# Magic Mountain 1/30/2009



## severine (Jan 30, 2009)

Magic Mountain is looking good today!






I guess Brian and Greg are enjoying themselves.


----------



## hardline (Jan 30, 2009)

stuck at home with the kiddies?


----------



## hammer (Jan 30, 2009)

Looks like Brian owes you one...


----------



## severine (Jan 30, 2009)

I'm going to Okemo on Monday with the Divas. It's all good.


----------



## MR. evil (Jan 30, 2009)

Randi and I will be there on Sat, should be a good day!


----------



## andyzee (Jan 30, 2009)

severine said:


> I guess Brian and Greg are enjoying themselves.



What a lovely couple! :lol:


----------



## Paul (Jan 30, 2009)

severine said:


> I guess Brian and Greg are enjoying themselves.








Yep, looks like it...


----------



## andyzee (Jan 30, 2009)




----------



## severine (Jan 30, 2009)

You guys are so bad! :lol:

I've been informed that Gary was there as well. Guess it was a trio.


----------



## ta&idaho (Jan 30, 2009)

Looks great...considering a LONG day trip tomorrow for the leftovers, so I'm looking forward to a more extensive TR.


----------



## o3jeff (Jan 30, 2009)

MR. evil said:


> Randi and I will be there on Sat, should be a good day!



As long as your wife doesn't try to push me off the lift I will be there.


----------



## MRGisevil (Jan 30, 2009)

Don't worry, Jeff. My disdain is especially reserved for Marc- I'm quite nice to everyone else I meet on the lift


----------



## loafer89 (Jan 30, 2009)

I think we will be up there on saturday as well. The original plan was for Mad River Glen, but I'm a bit tired of driving after Saddleback/Sugarloaf last weekend.


----------



## MR. evil (Jan 30, 2009)

loafer89 said:


> I think we will be up there on saturday as well. The original plan was for Mad River Glen, but I'm a bit tired of driving after Saddleback/Sugarloaf last weekend.



I will be wearing a grey Spyder coat, tan pants and a blue helmet with a bunch of stickers on it. Randi will be wearing a white Spyder coat and plaid ski pants. If you see us on the hill say hi.


----------



## Grassi21 (Jan 30, 2009)

andyzee said:


> What a lovely couple! :lol:



I was going to join them today but I didn't want to feel like a 3rd wheel.  

Hope you enjoyed it guys.  I think that is Twilightzone in the pic and it looks superb!


----------



## loafer89 (Jan 30, 2009)

MR. evil said:


> I will be wearing a grey Spyder coat, tan pants and a blue helmet with a bunch of stickers on it. Randi will be wearing a white Spyder coat and plaid ski pants. If you see us on the hill say hi.


 

I'll be in a red/black two piece Spyder with my sidekick (Warren) in tow. I am sure he will be dragging the old man down Redline.


----------



## Greg (Jan 30, 2009)

Awesome day.
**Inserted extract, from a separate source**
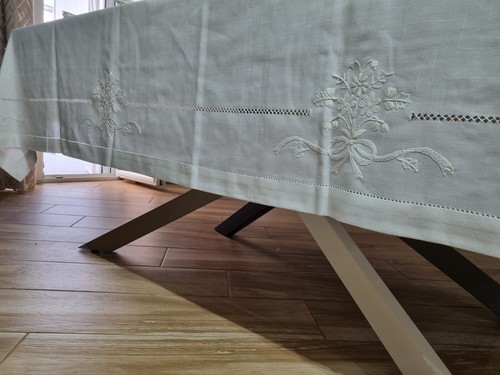 Tovaglia ricamata a mano in misto lino 12 posti gran misura 185x355 cm - Picture 8 of 12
That was some dense powder though. Everything that was skied was very wind-loaded and skier packed, but the snow bonded well to all the rocks and whatnot. We managed 13 runs (9 with Gary), skiing from 9 am - almost 4 pm with a 45 minute break for lunch. Runs of the day were Redline (3X) and Magician (from the upper) to Heart of Magician to the Hallows (2X). Also hit Greenline for the first time; short but pretty steep. Hit all the other major runs, Slide of Hans, Sorceror, Talisman, Blackline, Goniff and Twilight Zone. Redline was by far the sickest. The face skied nicely and the drop after it seemed bigger than I remember. Hallows was fun and there is still definitely some untracked if you looks for it in there. We also skied some woods off Heart of Magician and all flailed around like gapers so we looked for an out. Great day. Good to finally get north again. Got some vid that I'll probably put together tomorrow.


----------



## o3jeff (Jan 30, 2009)

Good to hear you all had a good time and that the conditions are prime. Get the video up tonight so we can see what is in store for us tomorrow! Sounds like I need to dig out the Mythic Riders for tomorrow.


----------



## powbmps (Jan 30, 2009)

Greg said:


> Got some vid that I'll probably put together tomorrow.
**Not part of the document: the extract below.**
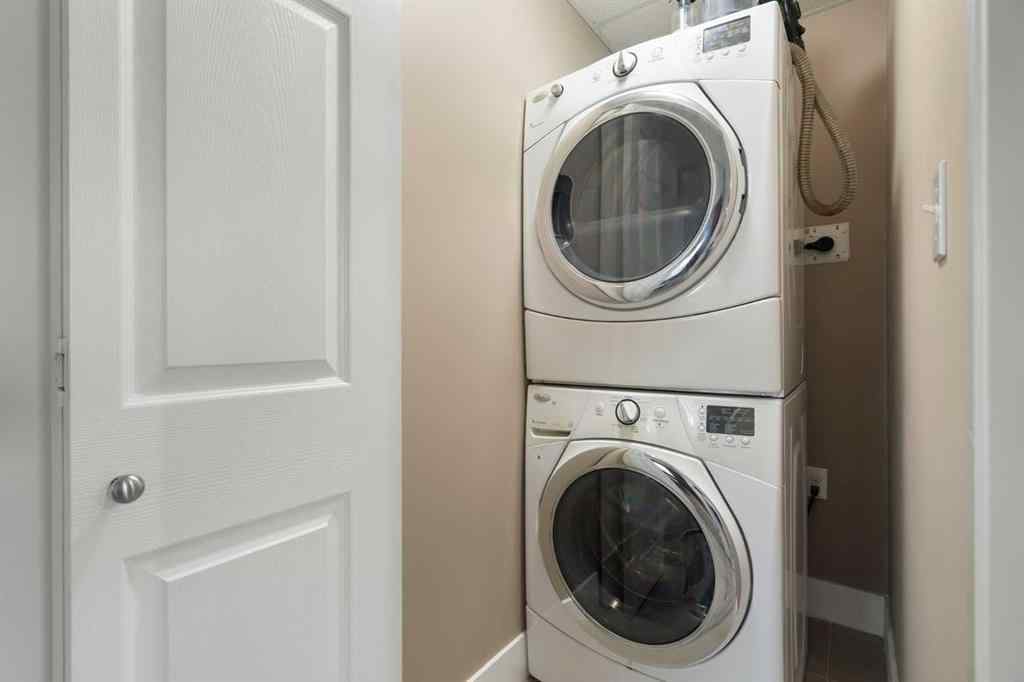 MLS&reg; # A2271133 - Unit #113 3950 46 Avenue NW in Varsity Calgary, Residential Open Houses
We've got to wait until tomorrow?  Awwww man.


----------



## MR. evil (Jan 30, 2009)

Greg said:


> Awesome day. That was some dense powder though. Everything that was skied was very wind-loaded and skier packed, but the snow bonded well to all the rocks and whatnot. We managed 13 runs (9 with Gary), skiing from 9 am - almost 4 pm with a 45 minute break for lunch. Runs of the day were Redline (3X) and Magician (from the upper) to Heart of Magician to the Hallows (2X). Also hit Greenline for the first time; short but pretty steep. Hit all the other major runs, Slide of Hans, Sorceror, Talisman, Blackline, Goniff and Twilight Zone. Redline was by far the sickest. The face skied nicely and the drop after it seemed bigger than I remember. Hallows was fun and there is still definitely some untracked if you looks for it in there. We also skied some woods off Heart of Magician and all flailed around like gapers so we looked for an out. Great day. Good to finally get north again. Got some vid that I'll probably put together tomorrow.
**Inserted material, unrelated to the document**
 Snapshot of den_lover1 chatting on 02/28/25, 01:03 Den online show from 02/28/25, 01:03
Sounds like a good day. We will be there tomorrow with Jeff and my buddy Nelson. What are some nice intermediate woods to ski there. For all the times I have been to Magic I have never gone in the woods


----------



## bvibert (Jan 30, 2009)

Greg said:


> Awesome day. That was some dense powder though. Everything that was skied was very wind-loaded and skier packed, but the snow bonded well to all the rocks and whatnot. We managed 13 runs (9 with Gary), skiing from 9 am - almost 4 pm with a 45 minute break for lunch. Runs of the day were Redline (3X) and Magician (from the upper) to Heart of Magician to the Hallows (2X). Also hit Greenline for the first time; short but pretty steep. Hit all the other major runs, Slide of Hans, Sorceror, Talisman, Blackline, Goniff and Twilight Zone. Redline was by far the sickest. The face skied nicely and the drop after it seemed bigger than I remember. Hallows was fun and there is still definitely some untracked if you looks for it in there. We also skied some woods off Heart of Magician and all flailed around like gapers so we looked for an out. Great day. Good to finally get north again. Got some vid that I'll probably put together tomorrow.



What he said + RAD!



Grassi21 said:


> I think that is Twilightzone in the pic and it looks superb!



Close, it's Goniff Glade.


----------



## gmcunni (Jan 30, 2009)

Had a great time today at Magic.  The snow was heavy on the first few runs we took but as we moved to other trails we got a taste of a variety of powder conditions.  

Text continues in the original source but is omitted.